The People's Bank of China's expansion of its lending facilities — aimed at injecting banking-sector liquidity and lowering borrowing costs for companies — is shoring up bank-demand for government bonds, a development that analysts at Jefferies Group LLC have dubbed a form of backdoor quantitative easing.
Chinese authorities have embarked on a bumper monetary-easing program that boosts Beijing's fiscal firepower to both juice the economy and redress bad debts that are clogging the financial system and depressing private-sector investment.
In a research report published on Monday, equity analysts at Jefferies, led by Sean Darby, say markets have overlooked one key monetary development: the PBOC has essentially launched QE through the backdoor in recent months, thanks to the expansion of lending facilities aimed at controlling the domestic monetary base.
The analysts say the PBOC has increased lending to state-owned banks, with the latter subsequently snapping up Chinese government bonds aided, in part, by the central bank's liquidity infusions.
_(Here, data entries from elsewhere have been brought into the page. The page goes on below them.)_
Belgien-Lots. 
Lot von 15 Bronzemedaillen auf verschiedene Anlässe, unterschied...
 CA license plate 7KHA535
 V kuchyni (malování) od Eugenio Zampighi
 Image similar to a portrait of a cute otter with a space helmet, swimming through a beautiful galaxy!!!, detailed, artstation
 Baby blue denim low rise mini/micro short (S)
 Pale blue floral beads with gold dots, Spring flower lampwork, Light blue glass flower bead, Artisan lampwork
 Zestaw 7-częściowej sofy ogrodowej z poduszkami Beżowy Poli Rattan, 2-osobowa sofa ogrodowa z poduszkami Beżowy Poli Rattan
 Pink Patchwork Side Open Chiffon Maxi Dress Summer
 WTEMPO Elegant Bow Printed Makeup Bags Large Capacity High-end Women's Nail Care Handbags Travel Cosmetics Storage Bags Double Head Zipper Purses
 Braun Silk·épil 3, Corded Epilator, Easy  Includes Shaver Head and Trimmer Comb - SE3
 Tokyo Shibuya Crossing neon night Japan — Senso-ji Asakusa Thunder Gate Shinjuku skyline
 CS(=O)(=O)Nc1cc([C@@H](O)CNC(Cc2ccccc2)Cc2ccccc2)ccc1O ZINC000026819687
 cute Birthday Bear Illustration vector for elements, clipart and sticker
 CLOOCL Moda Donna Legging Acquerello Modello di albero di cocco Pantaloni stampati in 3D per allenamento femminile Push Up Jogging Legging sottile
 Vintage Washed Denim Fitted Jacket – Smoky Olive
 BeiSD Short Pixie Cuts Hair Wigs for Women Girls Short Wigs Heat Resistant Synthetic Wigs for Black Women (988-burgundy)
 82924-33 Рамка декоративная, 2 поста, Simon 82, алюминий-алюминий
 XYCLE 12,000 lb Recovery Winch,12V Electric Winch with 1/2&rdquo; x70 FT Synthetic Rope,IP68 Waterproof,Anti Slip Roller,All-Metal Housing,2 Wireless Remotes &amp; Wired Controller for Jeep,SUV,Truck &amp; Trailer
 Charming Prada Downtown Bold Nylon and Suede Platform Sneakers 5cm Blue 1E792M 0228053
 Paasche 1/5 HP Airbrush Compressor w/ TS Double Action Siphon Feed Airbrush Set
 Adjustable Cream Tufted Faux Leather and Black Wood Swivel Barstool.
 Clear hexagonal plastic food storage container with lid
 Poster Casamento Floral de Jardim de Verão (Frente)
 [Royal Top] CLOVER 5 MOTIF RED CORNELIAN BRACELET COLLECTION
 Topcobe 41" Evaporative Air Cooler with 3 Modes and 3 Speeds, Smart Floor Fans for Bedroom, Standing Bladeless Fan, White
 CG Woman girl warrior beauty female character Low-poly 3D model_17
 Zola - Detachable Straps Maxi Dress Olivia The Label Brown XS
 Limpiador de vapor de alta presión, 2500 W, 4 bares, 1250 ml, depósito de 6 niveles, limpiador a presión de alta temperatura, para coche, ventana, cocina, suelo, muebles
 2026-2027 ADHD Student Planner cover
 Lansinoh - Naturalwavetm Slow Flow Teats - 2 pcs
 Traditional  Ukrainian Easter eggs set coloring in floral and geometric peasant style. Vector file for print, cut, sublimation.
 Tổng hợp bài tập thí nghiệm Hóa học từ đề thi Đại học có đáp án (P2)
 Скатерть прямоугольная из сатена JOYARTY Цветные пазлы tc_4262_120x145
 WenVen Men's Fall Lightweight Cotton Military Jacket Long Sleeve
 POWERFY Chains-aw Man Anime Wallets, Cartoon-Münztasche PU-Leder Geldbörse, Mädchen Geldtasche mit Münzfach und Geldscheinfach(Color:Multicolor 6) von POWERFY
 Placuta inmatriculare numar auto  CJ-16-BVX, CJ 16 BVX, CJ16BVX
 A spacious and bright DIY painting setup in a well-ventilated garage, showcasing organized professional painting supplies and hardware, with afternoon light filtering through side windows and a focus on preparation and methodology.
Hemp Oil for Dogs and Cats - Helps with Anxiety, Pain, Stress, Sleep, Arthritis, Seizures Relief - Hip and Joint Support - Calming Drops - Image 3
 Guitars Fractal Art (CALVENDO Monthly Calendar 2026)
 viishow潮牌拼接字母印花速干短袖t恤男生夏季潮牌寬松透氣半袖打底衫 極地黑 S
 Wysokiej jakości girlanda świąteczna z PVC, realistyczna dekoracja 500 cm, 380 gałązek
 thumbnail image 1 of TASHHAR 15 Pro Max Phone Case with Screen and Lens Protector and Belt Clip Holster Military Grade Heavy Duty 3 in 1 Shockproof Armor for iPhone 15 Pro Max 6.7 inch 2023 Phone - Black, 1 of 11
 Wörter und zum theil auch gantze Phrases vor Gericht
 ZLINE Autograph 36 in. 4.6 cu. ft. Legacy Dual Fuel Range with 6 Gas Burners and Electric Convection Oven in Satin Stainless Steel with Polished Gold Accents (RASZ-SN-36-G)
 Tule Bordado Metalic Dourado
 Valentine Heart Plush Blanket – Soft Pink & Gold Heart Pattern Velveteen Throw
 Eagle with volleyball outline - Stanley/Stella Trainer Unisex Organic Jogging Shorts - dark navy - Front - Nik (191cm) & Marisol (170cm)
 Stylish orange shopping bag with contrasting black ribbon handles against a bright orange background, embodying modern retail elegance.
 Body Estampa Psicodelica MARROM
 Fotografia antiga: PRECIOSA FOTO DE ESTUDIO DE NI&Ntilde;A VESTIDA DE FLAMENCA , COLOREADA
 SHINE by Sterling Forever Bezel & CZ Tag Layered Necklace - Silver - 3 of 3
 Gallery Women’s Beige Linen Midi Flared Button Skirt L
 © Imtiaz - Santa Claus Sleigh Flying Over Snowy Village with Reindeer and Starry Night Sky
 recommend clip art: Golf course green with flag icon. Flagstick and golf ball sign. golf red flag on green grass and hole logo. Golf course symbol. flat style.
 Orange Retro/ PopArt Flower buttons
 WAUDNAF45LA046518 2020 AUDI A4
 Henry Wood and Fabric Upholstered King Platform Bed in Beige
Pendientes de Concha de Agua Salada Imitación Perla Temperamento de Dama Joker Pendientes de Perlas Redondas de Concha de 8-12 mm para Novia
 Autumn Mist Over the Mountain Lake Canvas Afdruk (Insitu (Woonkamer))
"In order to offset the contraction of the PBOC’s balance sheet due to capital outflows and dollar repayments, the central bank engaged in a form of ‘backdoor QE’ in our view. Alongside the introduction of short-term monetary instruments such as Medium-term Lending Facility and Standing Lending Facility, the PBOC has moved away from using conventional interest rate and RRR cuts."
Reserve requirement rate (RRR) cuts could fuel capital outflows, while a further loosening of the policy rate threatens to reflate the property bubble in first-tier cities. As a result, the PBOC has used new lending instruments to both manage banking-sector liquidity and to provide funds for targeted lending, the analysts say. This dynamic is boosting banks' firepower to buy government bonds and, thereby, helping to ease long-term borrowing costs in the real-economy.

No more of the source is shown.